Wednesday, May 23, 2012

The (non)necessity of executing a waiver to disclose bank deposits by public officers and employees


All these hoopla and hullabaloo about the issue of requiring all government employees and officials, especially the cabinet secretaries, members of Congress and the judiciary, to execute a waiver allowing the opening up and/or disclosure of their bank accounts, must be viewed with a discerning and critical eye. Is such waiver really necessary?

Under the old or pre-2011 sworn statement of assets, liabilities and net worth (SALN) form, it was provided, that:

“I hereby authorized the Ombudsman or his duly authorized representative to obtain and secure from all appropriate government agencies, including the Bureau of Internal Revenue, such documents that may show my assets, liabilities, net worth, business interests and financial connections, to include those of my spouse and unmarried children below 18 years of age living with me in my household covering past years to include the year I first assumed office in government.”

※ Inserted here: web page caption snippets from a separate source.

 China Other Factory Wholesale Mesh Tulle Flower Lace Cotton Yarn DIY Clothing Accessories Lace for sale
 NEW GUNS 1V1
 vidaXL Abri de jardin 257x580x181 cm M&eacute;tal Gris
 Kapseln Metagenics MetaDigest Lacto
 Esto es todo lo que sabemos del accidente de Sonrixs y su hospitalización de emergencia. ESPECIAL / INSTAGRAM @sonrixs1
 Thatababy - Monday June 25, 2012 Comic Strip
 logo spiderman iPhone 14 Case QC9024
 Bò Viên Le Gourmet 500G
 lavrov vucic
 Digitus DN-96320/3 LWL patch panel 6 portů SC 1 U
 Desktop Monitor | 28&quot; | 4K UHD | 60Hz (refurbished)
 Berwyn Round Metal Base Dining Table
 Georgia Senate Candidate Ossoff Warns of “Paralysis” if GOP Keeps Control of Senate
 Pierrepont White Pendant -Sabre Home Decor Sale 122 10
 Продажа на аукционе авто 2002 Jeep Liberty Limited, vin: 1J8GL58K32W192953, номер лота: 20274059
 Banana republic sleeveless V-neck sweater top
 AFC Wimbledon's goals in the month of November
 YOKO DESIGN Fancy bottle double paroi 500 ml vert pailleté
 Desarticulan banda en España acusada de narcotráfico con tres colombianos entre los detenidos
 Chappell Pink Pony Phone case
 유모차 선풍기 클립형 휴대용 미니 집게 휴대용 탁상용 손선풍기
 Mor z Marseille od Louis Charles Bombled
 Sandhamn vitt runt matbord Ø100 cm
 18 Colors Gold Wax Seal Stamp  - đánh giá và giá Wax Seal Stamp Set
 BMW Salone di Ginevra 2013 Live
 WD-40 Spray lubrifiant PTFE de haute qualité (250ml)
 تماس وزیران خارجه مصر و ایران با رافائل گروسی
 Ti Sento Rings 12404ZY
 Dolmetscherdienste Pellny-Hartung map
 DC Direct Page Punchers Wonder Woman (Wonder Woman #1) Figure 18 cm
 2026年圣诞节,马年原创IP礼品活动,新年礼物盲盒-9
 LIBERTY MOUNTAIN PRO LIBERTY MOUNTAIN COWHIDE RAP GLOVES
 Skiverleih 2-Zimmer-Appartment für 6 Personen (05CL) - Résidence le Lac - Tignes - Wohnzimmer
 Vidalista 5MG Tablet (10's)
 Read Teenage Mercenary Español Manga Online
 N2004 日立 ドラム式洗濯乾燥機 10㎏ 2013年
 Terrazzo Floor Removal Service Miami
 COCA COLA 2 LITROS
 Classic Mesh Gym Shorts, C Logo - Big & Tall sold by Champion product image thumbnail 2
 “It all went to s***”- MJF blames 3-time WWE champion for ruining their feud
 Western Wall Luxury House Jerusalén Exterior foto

In the revised or present SALN form, it is also stated, that:

“I/We hereby authorize the Ombudsman or his duly authorized representative to obtain and secure from all appropriate agencies, including the Bureau of Internal Revenue, such documents that may show such assets, liabilities, net worth, business interests, and financial connections, including those of my spouse and my/our children below 18 years of age living in my household, covering previous years, and if possible, including the year I/we first assumed office in Government.”

Some personages argue that such authorization does not include foreign currency deposit accounts. A high-profile and more prominent public official even went on to declare that their non-disclosure is absolute.

Just for context, both legal and factual, the Bank Secrecy Law (Republic Act No. 1405) was enacted on Sept. 9, 1955, while the Foreign Currency Deposit Act (Republic Act No. 6426) was approved on April 4, 1974.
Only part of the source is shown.